Apparently, it was the Cambridge Platonist Henry More who introduced the term Cartesianism—from the Latin Cartesius—into the English language. The term itself now denotes either the views of René Descartes or the various defenses and developments of these views in the writings of les cartésiens, an eclectic group of seventeenth- and eighteenth-century European intellectuals.

Science and Theology

Descartes is perhaps best known in the early twenty-first century both for his epistemological "method of doubt" and for his metaphysical doctrine of mind-body dualism. However, he was known in the early modern period primarily for his attempt to systematically displace explanations of natural phenomena, deriving from the work of Aristotle, that were then predominant in both Catholic and Protestant schools on the Continent. In Principles of Philosophy (1644) Descartes proposed as an alternative for Aristotelian explanations in terms of prime matter, substantial forms, and final causality his own more austere explanations in terms of extension, its modifications, and purely mechanistic laws. There were other critics of the Aristotelianism of the schools, most notably Pierre Gassendi and the Gassendists. Nevertheless, Descartes's followers proved to be more adept than the Gassendists at packaging the new mechanistic science.
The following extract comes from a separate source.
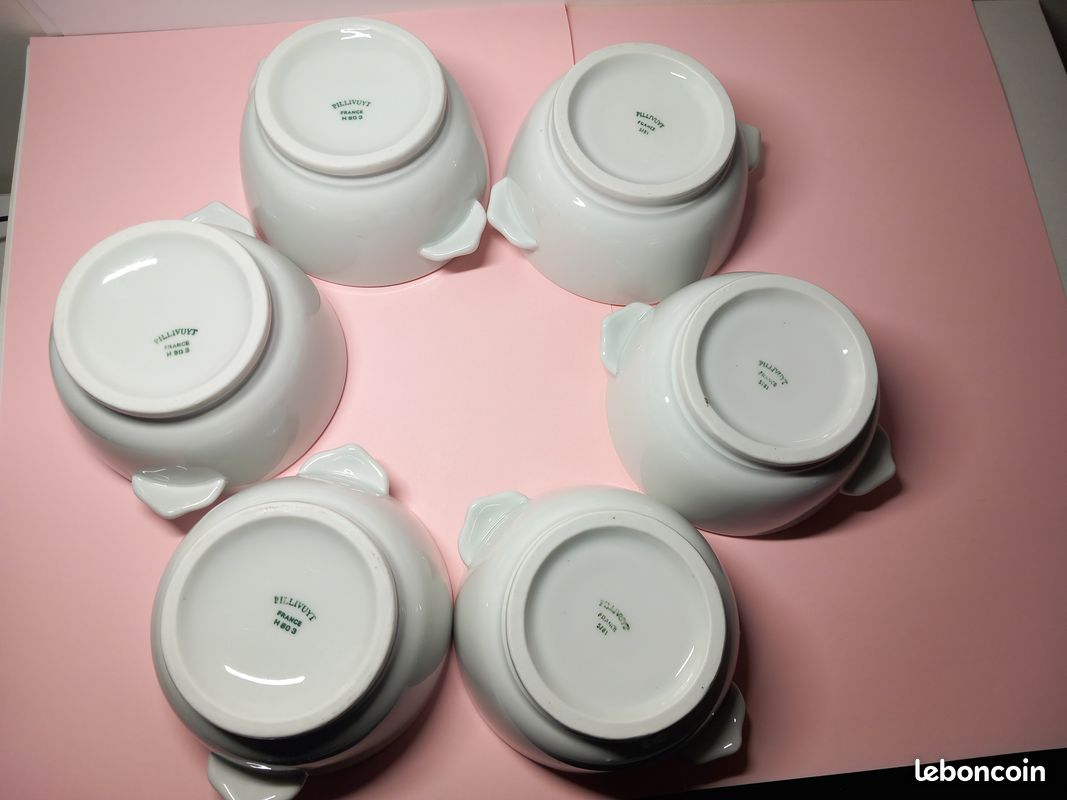 6 Bols à gratinée en porcelaine blanche « PILLIVUYT » (image 5)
Even so, it is understandable that Cartesian science is not as prominent today given the decisive refutation of Descartes's particular brand of physics in the work of More's greatest student, Isaac Newton.
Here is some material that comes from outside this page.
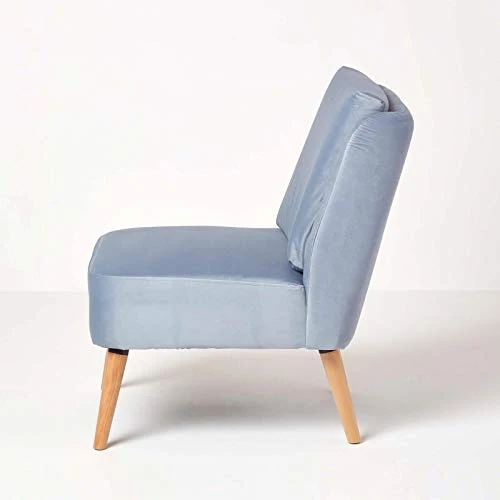 HOMESCAPES Fauteuil Velours, Fauteuil Scandinave en Tissu Betsy, Bleu Clair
Theological issues also dominated discussions of Descartes's system in earlier centuries in a way that they no longer do today. Such issues were of immediate practical concern to Descartes himself, who encountered fierce theological resistance not only in France but also in the United Provinces (now Holland), where he lived for most of his adult life. He failed in his attempt to infiltrate the Catholic universities in France at least partly because Aristotelian traditionalists saw his system as a threat to the Catholic dogma of the miraculous conversion in the Eucharist of the substance of bread and wine into the body and blood of Christ.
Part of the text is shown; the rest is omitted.